** Opening Dataset block **

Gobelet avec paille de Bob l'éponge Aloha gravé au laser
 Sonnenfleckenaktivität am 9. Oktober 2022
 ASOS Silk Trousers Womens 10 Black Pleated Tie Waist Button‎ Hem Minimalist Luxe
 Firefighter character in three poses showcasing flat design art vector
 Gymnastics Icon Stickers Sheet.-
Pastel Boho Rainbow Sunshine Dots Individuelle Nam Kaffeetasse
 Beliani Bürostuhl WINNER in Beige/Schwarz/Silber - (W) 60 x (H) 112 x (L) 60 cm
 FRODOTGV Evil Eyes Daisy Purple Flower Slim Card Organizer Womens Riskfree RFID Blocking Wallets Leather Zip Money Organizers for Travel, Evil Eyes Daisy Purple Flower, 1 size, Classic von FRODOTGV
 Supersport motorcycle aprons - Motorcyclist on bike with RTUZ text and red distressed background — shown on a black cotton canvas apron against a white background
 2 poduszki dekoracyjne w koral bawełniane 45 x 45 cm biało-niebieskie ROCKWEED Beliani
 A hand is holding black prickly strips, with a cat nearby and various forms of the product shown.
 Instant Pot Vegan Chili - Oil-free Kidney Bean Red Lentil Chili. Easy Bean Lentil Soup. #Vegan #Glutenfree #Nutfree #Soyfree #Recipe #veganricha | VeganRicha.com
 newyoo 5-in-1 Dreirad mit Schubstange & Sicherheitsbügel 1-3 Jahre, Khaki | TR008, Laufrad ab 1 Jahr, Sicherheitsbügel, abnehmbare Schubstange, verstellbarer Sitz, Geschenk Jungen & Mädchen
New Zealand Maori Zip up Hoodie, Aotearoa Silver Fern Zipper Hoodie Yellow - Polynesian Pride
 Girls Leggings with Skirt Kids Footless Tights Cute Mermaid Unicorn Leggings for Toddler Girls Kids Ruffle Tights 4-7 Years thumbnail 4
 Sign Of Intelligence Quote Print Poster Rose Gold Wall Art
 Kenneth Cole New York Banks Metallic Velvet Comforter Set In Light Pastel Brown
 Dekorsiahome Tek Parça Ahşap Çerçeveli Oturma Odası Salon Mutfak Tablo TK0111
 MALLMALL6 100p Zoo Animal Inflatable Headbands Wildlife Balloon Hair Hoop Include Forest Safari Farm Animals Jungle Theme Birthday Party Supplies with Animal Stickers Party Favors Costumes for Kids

** Closing Dataset block **

_Task_: Using the entries above, find all lines with "Pastel". Copy them.

_Response to this task_:
Pastel Boho Rainbow Sunshine Dots Individuelle Nam Kaffeetasse
 Kenneth Cole New York Banks Metallic Velvet Comforter Set In Light Pastel Brown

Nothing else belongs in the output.